Escape Sacramento, meanwhile, will be Rodriguez-Torrent’s third escape room—he opened ones in Connecticut and Rhode Island earlier this year. He’ll have four rooms going at once—three identical, so groups can race against each other.

But the general premise is the same: go into room, get locked into said room, solve a series of puzzles in order to win freedom within one hour. Teamwork is key—and it’s why real-life room escapes are so popular for corporate team-building excursions.

“The game is unbeatable by a single person, because everyone has their own weaknesses and blind spots or their own way of thinking,” Rodriguez-Torrent said, describing his suite of visual, auditory, mechanical and kinetic puzzles. “The whole idea is to push people to elasticize how they think.”

The escape room concept stems from Japan, where the first business opened in 2007. Quickly, the trend spread through Asia, then Europe, and ultimately the United States in 2012. Already, there are nearly 300 rooms in the U.S. according to the Escape Room Directory, and more than 2,500 worldwide.

Yet for all that rapid growth, local escape room junkie Joe Messteri is already anticipating the business model’s inevitable demise.

“We’re going to go the way of lazer tag,” he said. “It was a fad, it happened for a while, it was really fun. Now, whenever you see lazer tag, it’s a side business—like a value-added thing.”

But that’s probably in a few years, at least—and after the number of escape rooms in Sacramento swells from three to as many as seven, based on Messteri’s industry estimates. In the meantime, he’s opening Enchambered: Sacramento Escape Room in the Arden area, hopefully by the end of November.

As a kid, Messteri dreamed of becoming a Disney Imagineer. After high school, he spent a few years designing sets of haunted houses in the Bay Area. But for the past 15 years, he’s been in Sacramento, working as a web and app developer. He’s also created digital adventure games and real-life “puzzlehunts,” just for fun. An escape room is the logical next step.

Only, Messteri is shooting for something more like an immersive theater experience, in which your team is the cast.

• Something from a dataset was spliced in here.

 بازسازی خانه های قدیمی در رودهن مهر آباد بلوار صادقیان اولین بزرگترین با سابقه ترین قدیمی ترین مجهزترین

The sets are elaborate, highly-detailed creations. The rooms aren’t single rooms, but four- or five-part spaces, potentially with moving walls, secret passageways and crawlspaces. If you get stuck, an attendant won’t come in to help. Instead, a ghost projected on the ceiling might speak to you, or the lighting might adjust to bring your attention to a forgotten clue. And all the while, there’s a narrative, a purpose to your escape and an alternative reality game that continues online when you go home.

“I use the term ’escape room’ not so much because I want you to escape the room,” Messteri said. “I want you to escape reality for a while.”